この時点で「いやそれは違うだろう」という人は申し訳ないがこの先の文章は異世界生物の意見として楽しんで欲しい。

 まずこんな文章を書くことにした背景を話すと,ハッシュタグからお察し頂ける方もいると思うがアイドルグループ「嵐」の活動休止報道である。アイドルの活動休止なんて今時珍しい物でもないし,人間がやることならばどこかで区切りはつくだろう。吾輩が着目したのは活動休止その者ではない。

 活動休止の記者会見である。吾輩も一部始終を見ていたわけではないが,あの雰囲気に「おや?」となった。
 内容としては活動の区切を迎えるに当たってメンバーで話し合ったことの報告といった感じである。
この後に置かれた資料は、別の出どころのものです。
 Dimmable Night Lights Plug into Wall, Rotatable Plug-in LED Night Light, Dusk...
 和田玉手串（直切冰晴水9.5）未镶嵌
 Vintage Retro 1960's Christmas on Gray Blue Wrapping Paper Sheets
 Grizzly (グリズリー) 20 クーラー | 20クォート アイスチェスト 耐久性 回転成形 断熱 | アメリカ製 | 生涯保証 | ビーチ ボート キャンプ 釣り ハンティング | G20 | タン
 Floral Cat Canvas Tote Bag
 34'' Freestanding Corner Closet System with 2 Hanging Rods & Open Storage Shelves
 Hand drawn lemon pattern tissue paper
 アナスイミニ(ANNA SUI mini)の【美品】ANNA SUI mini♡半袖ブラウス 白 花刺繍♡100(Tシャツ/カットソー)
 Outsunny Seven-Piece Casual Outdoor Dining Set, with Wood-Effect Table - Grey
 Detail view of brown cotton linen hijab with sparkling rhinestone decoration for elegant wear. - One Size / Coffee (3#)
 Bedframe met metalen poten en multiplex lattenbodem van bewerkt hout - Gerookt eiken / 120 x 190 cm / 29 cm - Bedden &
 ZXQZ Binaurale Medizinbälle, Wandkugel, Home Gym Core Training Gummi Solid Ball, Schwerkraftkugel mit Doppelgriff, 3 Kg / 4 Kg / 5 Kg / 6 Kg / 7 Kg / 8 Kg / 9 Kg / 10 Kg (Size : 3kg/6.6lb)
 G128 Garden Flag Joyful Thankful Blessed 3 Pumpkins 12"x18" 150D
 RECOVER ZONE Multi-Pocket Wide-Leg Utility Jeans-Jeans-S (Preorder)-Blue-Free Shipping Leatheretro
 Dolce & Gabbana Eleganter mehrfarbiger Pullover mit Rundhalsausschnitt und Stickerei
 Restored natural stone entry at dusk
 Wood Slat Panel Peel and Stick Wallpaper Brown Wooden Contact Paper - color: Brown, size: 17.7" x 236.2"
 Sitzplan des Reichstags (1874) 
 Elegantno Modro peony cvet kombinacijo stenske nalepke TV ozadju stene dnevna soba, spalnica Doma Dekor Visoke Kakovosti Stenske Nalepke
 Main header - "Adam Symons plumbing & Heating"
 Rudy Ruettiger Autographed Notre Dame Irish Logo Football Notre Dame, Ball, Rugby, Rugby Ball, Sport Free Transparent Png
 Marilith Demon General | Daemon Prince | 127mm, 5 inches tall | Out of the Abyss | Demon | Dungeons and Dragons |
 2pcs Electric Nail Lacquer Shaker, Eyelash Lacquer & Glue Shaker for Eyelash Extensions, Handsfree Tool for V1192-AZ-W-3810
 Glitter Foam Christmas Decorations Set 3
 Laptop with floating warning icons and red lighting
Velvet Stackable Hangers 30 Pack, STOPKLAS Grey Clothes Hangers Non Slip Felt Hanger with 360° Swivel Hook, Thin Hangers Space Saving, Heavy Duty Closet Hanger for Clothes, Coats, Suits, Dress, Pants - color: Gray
しかしその表情は必要以上の重さがなく,むしろ「ひっくり返った」や「誕生日祝いかと思った」という発言のように少々カジュアルに話せる空気もあったのでまずそこに興味を感じたのである。
 吾輩の体感だが,以前までこのような場面では決死の覚悟や張り詰めた空気になることが多いような気がしていた。しかし今回は今後のことを至っては自分の意見や決定したことを素朴に話していた様に感じたのだ。報道や映像を見る限りまずい空気になった瞬間もあるし,ショックを受けている方もいるようなのであまり適当なことは言えないが。

 だがこの会見を見てこのグループは仮に各々がバラバラの道を辿っても普通に仲良く酒を飲み交わすくらいのことはやってくれそうだなあと思ってしまったのである。本当にそうするかは知らないが,あくまでアイドルに対する勝手なイメージなので許して欲しい。
 人生には別れと出会いが必然とは言われるが,「お互いしっかり納得した上」の別れは実はそんなに多くない気がする。だいたい予期せぬタイミングで別れが訪れ,もう2度と会えなかったり,ふたたび会えたとしても気まずい思いをして会う。ということはよくありそうだ。あるいは口では笑っていても目は笑ってない。これもよくあるパターンだろう。特に転職や移住,所属が頻繁に変わる現代社会では突然の別れに触れることが多くなっている気がするし,その別れを糧にして人間関係を続行させるのは難易度が上がっている気がする。

 そんな中でお互いの言い分や意見をしっかり認め,ひとまず別の道を歩くことが決定してもお互いのことを思いやりながら歩めるというのはある意味ファンタジーである。
 ここで冒頭の定義に戻ろう。アイドルは「見ている人に夢を与える存在」。となればこの嵐というグループはなじみの人との別離があっても良好な関係を続行できるという「夢」をあの記者会見で与えてしまったのである。記者会見でアイドルの役割を果たすとは。恐るべし。

 最後に皆様に謝らなければならない。吾輩は熱烈な嵐ファンではなく,今回の件でそれほどそれほど感情を揺り動かしていない。分かったようなことを書いているかもしれない。「これ違う」と言うことがあれば教えて欲しい。
 ただ,あの記者会見を見て無性に書きたい衝動に駆られてしまった。これは事実だ。吾輩も別離を超えてつきあえる人間関係がほしいものである。